「無視されてつらかった」いじめ調査で第三者委員会がようやく初会合 高校生の母は「真実を知りたい」
ことし5月、福岡市の私立高校に通う女子生徒がいじめを示唆する遺書を残して自殺した問題です。遺族が19日午後、会見を行い、学校側が設置した第三者委員会が第1回会合を開いたことについて評価する一方、娘を亡くした無念さは消えないと涙ながらに話しました。
■母親
「娘に会いたい気持ちがどんどん強くなって、何で娘のつらい気持ちに気がつかなかったんだろうという自責の念が、日がたつにつれてどんどん強くなっていて、娘には申し訳ない気持ちでいっぱいです。」
この問題はことし5月、福岡市の私立高校2年の女子生徒が「無視されてつらかった」など、いじめがあったことをうかがわせる遺書を残して自殺したものです。

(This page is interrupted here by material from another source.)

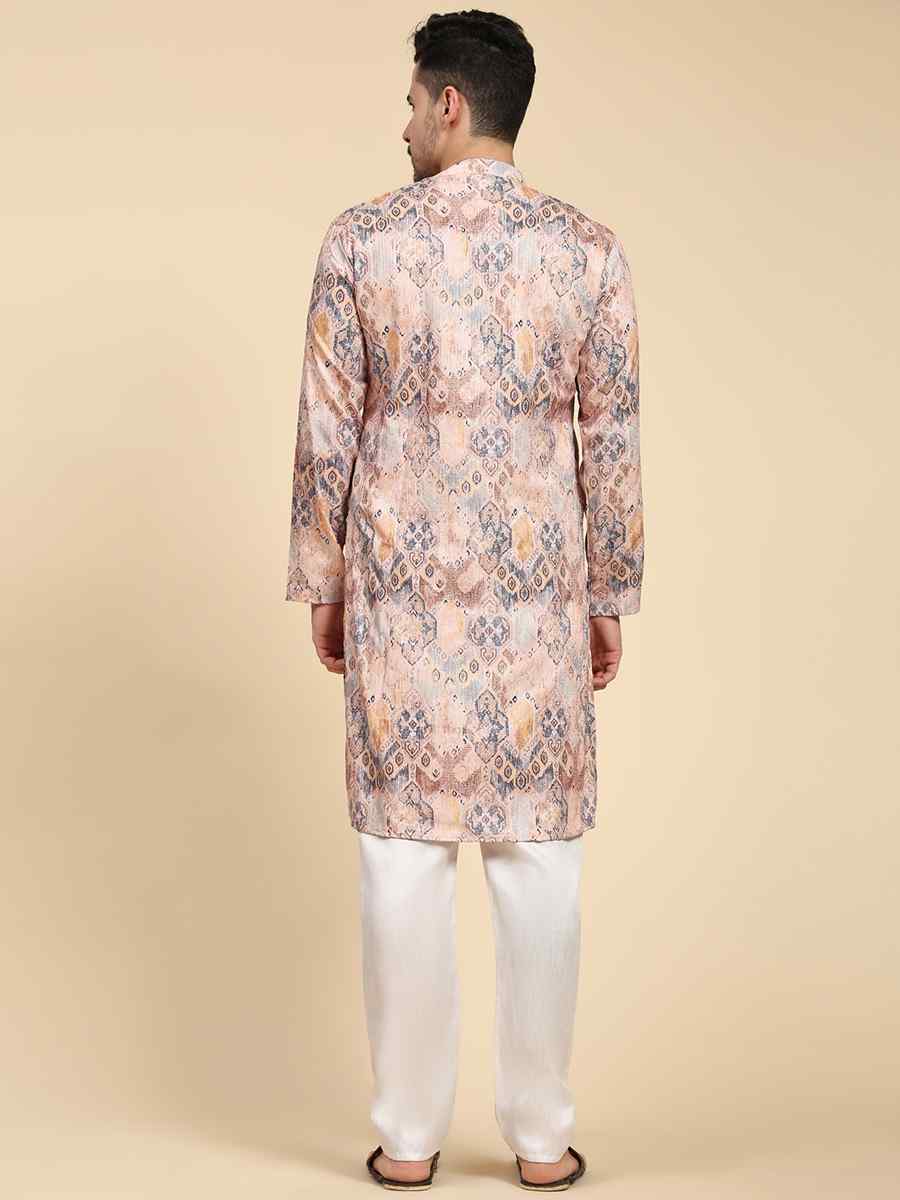 Multi Poly Silk Printed Festival Kurta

学校側はいじめの調査委員会を立ち上げましたが、当初、いじめについて特別な調査はしないまま、生徒に対し定期的に行っているアンケートの結果と、生徒の心のケアを目的としたカウンセリングをもとに「いじめはなかった」と結論づけていました。
しかし、ことし9月、報道で自殺が明らかになってから態度を一変させ、第三者委員会の設置を決めていました。学校側は、事案が報道されるまで、生徒の自殺について県への報告も怠っていました。

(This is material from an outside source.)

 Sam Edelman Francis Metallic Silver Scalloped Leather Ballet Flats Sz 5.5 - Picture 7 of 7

FBSの取材に対し自殺の報告については「失念していた」とし、当初、いじめについての詳細な調査を行わなかった点については「今いる生徒を守らないといけないので、生徒に負荷のかかる調査を避けたかった」と話しています。
■母親
「(第三者委員会開催の理由は)『県からの指導が入ったから』とおっしゃったので、学校が自ら調査をする意思ではないと分かったので、何も変わっていないんだと残念に感じました。学校に対する信頼は正直、ないままです。」
17日、学校側が第1回の第三者委員会会合を開いたことについて、母親は一定の前進と捉える一方で、改めて今の心境を話しました。
■母親
「第1回の委員会が開催されたことは、やっとスタート地点に立てた思い。娘にその日にお墓に行って今からやっと始まったよと報告してきた。娘がなぜ自死に至らなければならなかったのか真実を知りたい。」
今回の事案の経緯について改めて見ていきます。
ことし5月、女子生徒が残した遺書には「無視されてつらかった」などいじめを疑わせる内容が書かれていました。
学校は特別な調査をせず「いじめはなかった」と結論づけ、6月に遺族に説明しています。

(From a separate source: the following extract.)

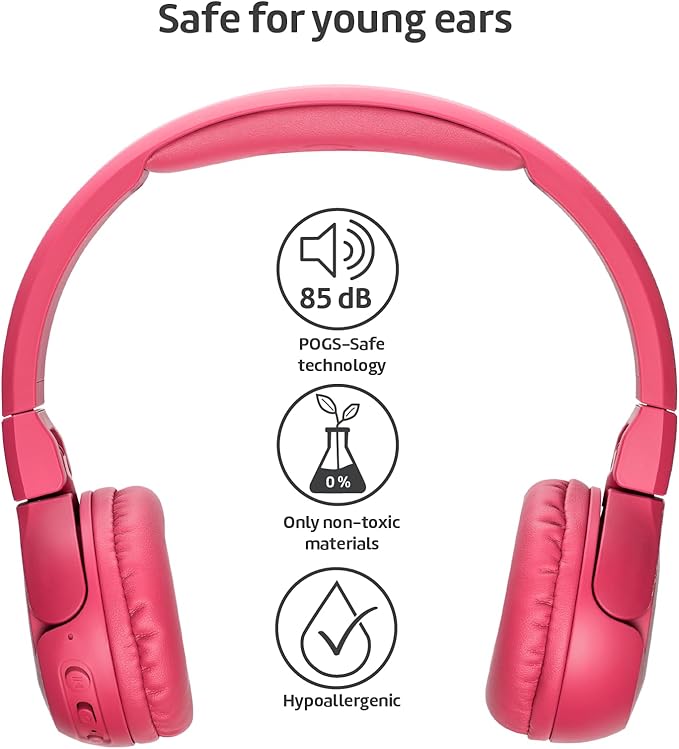 POGS Kids Bluetooth Wireless Headphones | The Gecko 2 | Foldable, Durable Headphones for Kids 3+ | Volume Limited 85 dB, Microphone | On-Ear | Wireless Music-Sharing Function (rPink)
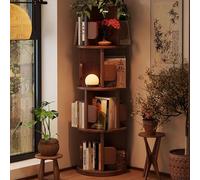 YQMHEZ Estantería Giratoria, Estantería de Esquina Giratoria de 360 grados, Estantería de Esquina de Pared, Estante de Escalera, Estante de Exhibición de Pie Para Espacios Pequeños(Brown,4 Tier:125c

この説明に対し、遺族は遺書の存在を明らかにした上で改めて、生徒たちに詳細な調査をするよう要望してきましたが、学校側は「できることはやった」として、追加調査については否定的な姿勢を見せてきました。
ただ、ことし9月、女子生徒の自殺が報道されると学校の対応が変わります。
本来、速やかに県に提出すべき「自殺」と「いじめの重大事態の発生」報告書が出され、第三者委員会の設置が決まりました。ここからようやく、いじめの有無についての調査が始まることになりました。